|Storm on the Sea of Galilee by Rembrandt|
"Hush, be still."
When the storms rage and threaten, I am like the disciples. I am prone to panic, even though Jesus is right there with me. It's so easy to forget that Jesus is the maker of the earth, the seas, AND the weather. He can stir up a storm or quiet it down just as easily. When my eyes are on the difficulty instead of my Savior, fear grips my heart. "What will I do? What if...? Oh no!" I am sure that God wants us to cry out to him when we're in trouble, because He promises in the Psalms that he "inclines His ear to us and hears our cries". "He will call on Me, and I will answer him; I will be with him in trouble; I will rescue him and honor him." Psalm 91:15 But how would I have woken Jesus up in the boat that day? From a heart of panic, or a heart of trust?
"Why are you afraid? How is it that you have no faith?"
Years ago, when our little daughter feared an approaching hail storm in the desert, Gary said "Don't be afraid." He knew that we were in a safe place, and the storm was not big enough to hurt us.

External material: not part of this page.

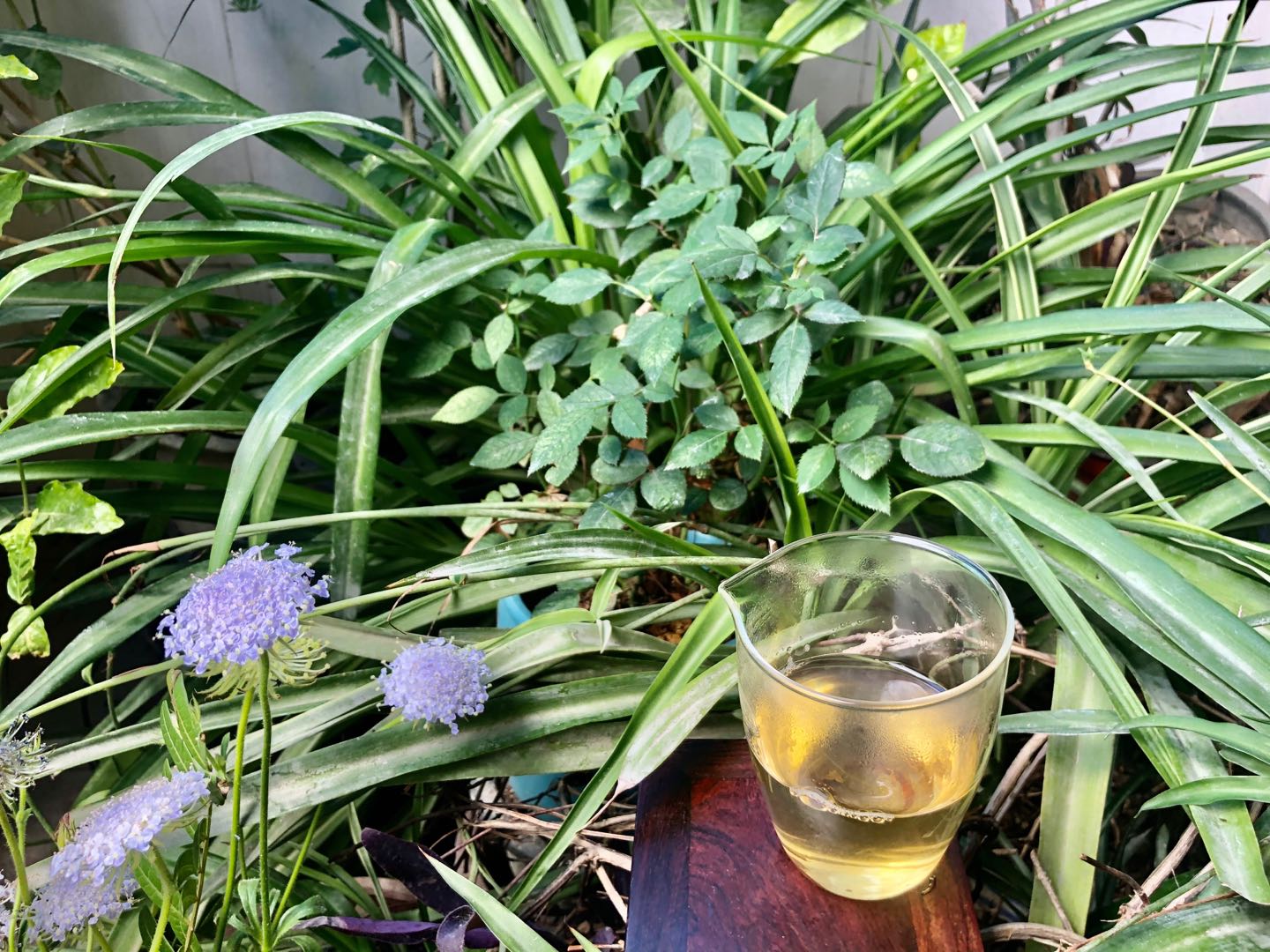 中國這么多茶類，你覺得哪種茶最好喝？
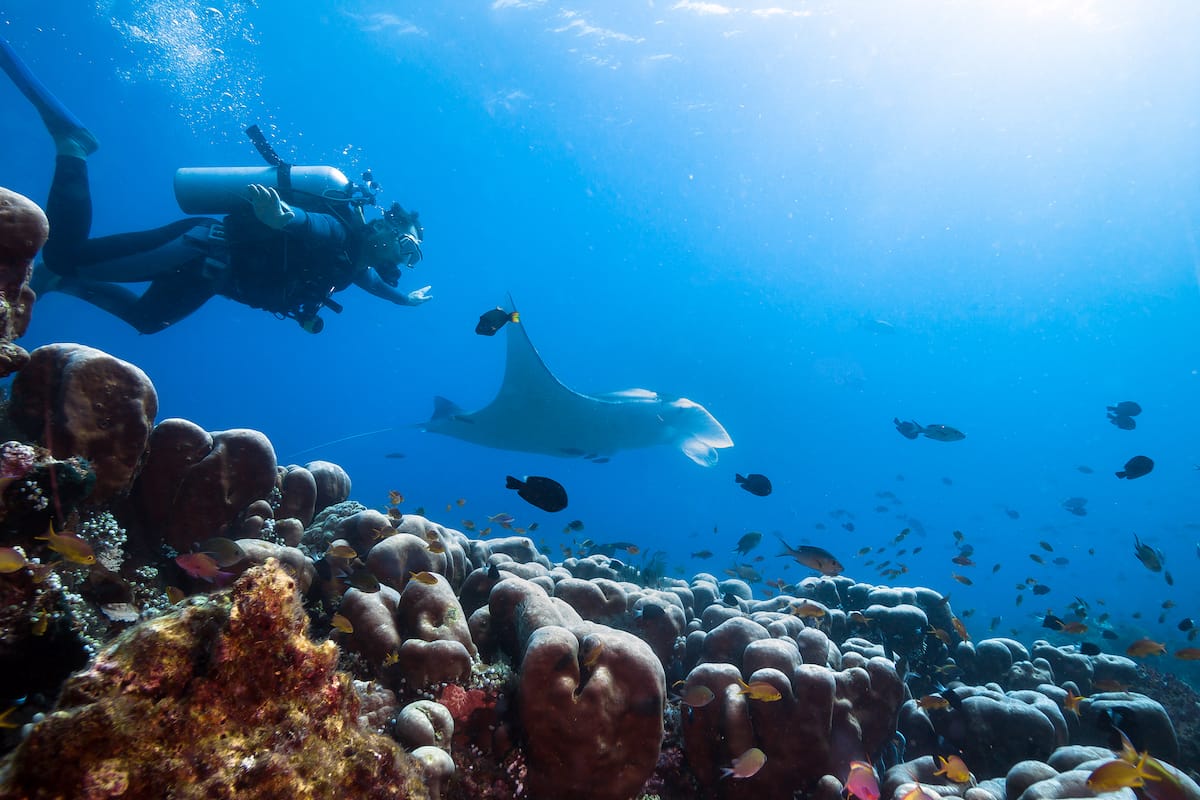 Diving with manta rays. on the Big Island of Hawaiʻi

More than once, when a splinter had to be removed from little hands, I said "Don't be afraid, it's alright." I knew that an infection could develop if left alone. We comfort our children with these words because we see the bigger picture.
How am I able to obey this command? If someone says "Don't be afraid." I want to know if that person can be trusted. Do they know what they are talking about? Do they understand? Do they know the big picture? Are they in a position to control the outcome? Do they have my best interest in mind? In other words, who's saying it? If I'm laying on the gurney waiting for cancer surgery, (which I was, 9 years ago) it might be a kind gesture, if the linen delivery girl says "Don't be afraid", But when my surgeon says it, THEN I am comforted. I trust her abilities. Why? I have learned of her experience, her "track record", her knowledge of my illness. She is calm, not nervous like me. She has done this before, many times.
Jesus doesn't want us to be scared. He want to soothe and comfort us. He loves us with tenderness. He experienced all the things humans do. That's why he was asleep in the boat after an extremely busy day ministering to so many. He understands us because he lived a human life. Yet, he calls us to exercise our faith. I love what J.C.Ryle said...
"But what if your heart be right with God, and yet you are pressed down with a load of earthly trouble? What if the fear of poverty is tossing you to and fro and seems likely to overwhelm you? What if pain of body be racking you to distraction day after day? What if you are suddenly laid aside from active usefulness, and compelled by infirmity to sit still and do nothing? What if death has come into your home and taken away your Rachael, or Joseph, or Benjamin and left you alone, crushed to the ground with sorrow? What if all this has happened? Still there is comfort in Christ. He can speak peace to wounded hearts as easily as calm troubled seas. He can rebuke rebellious wills as powerfully as raging winds. He can make storms of sorrow abate and silence tumultuous passions as sure as He stopped the Galilean storm. He can say to the heaviest anxiety, "Peace, be still!" The floods of care and tribulation may be mighty, but Jesus sits upon the waterfloods and is mightier than the waves of the sea. Psalm (93:4) The winds of trouble may howl fiercely round you, but Jesus holds them in His hand and can stay them when He lists. Oh, if any reader of this paper is broken-hearted, and care-worn, and sorrowful, let him go to Jesus Christ and cry to him, and he shall be refreshed. "Come unto Me," He says, "all ye that labour and are heavy laden, and I will give you rest." (Matthew 11:28)
That great storm on the sea of Galilee had a purpose. It taught the men in the boat that Jesus was God. It is teaching me that God is together with me in the difficulties of life. He has the power to shut down the storm. He wants me to trust Him so I won't be afraid, but I can't trust someone I don't know. It's a call to deeper intimacy with my Savior, to take Him at His word, and live with a peaceful heart.